Formation of Be stars via wind accretion: Case study on Black hole + Be star binaries

TL;DR

This paper introduces a new formation scenario for black hole + Be star binaries via wind Roche lobe overflow, supported by simulations and population synthesis, predicting thousands of such systems in the Milky Way with wide, eccentric orbits.

Contribution

It presents the first detailed modeling of BH+Be binaries formed through WRLOF, estimating their population and orbital characteristics in the Milky Way.

Findings

Approximately 1800-3200 BHBe binaries in the Milky Way.

Systems have high eccentricities and wide orbits, with periods over 1000 days.

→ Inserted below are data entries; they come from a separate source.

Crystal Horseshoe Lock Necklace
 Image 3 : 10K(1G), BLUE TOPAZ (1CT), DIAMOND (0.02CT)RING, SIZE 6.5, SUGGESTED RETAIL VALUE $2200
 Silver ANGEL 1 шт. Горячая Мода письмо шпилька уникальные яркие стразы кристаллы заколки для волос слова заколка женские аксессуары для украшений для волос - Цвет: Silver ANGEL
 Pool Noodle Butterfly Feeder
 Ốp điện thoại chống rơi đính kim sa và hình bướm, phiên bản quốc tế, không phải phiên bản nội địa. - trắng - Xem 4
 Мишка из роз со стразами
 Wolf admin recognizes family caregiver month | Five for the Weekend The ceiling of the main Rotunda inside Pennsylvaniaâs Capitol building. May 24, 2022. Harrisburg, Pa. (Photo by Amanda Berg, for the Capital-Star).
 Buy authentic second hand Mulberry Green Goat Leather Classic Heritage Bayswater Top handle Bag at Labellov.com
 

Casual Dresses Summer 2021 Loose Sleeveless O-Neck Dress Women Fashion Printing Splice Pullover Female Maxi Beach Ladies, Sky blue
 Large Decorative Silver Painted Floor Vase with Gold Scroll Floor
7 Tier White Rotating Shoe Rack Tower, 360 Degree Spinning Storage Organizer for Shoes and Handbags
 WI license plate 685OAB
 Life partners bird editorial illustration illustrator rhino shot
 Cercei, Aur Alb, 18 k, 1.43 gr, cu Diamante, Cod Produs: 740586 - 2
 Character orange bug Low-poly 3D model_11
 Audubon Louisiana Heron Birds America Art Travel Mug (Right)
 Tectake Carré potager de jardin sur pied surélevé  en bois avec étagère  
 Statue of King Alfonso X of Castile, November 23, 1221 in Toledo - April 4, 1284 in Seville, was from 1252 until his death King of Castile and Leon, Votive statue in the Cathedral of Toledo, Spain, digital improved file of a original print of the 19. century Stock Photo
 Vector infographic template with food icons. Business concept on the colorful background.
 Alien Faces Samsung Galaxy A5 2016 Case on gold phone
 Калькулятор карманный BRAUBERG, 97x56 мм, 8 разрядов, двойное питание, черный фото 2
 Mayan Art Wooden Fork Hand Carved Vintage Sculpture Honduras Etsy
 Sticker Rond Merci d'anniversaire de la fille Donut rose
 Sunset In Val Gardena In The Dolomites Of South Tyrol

Potential for detection via astrometric and interferometric methods.

Abstract

Be stars are rapidly rotating main-sequence (MS) stars that play a crucial role in understanding stellar evolution and binary interactions. In this letter, we propose a new formation scenario for black hole (BH) + Be star binaries (hereafter BHBe binaries), where the Be star is produced through the Wind Roche Lobe Overflow (WRLOF) mechanism. Our analysis is based on numerical simulations of the WRLOF process in massive binaries, building upon recent theoretical work. We demonstrate that the WRLOF model can efficiently form BHBe binaries under reasonable assumptions on stellar wind velocities. Using rapid binary population synthesis, we estimate the population of such systems in the Milky Way, predicting approximately $\sim$ {1800-3200} currently existing BHBe binaries originating from the WRLOF channel. These systems are characterized by high eccentricities and exceptionally wide orbits, with typical orbital periods exceeding 1000 days and a peak distribution around $\sim$10000 days. Due to their long orbital separations, these BHBe binaries are promising targets for future detection via astrometric {and interferometric} observations.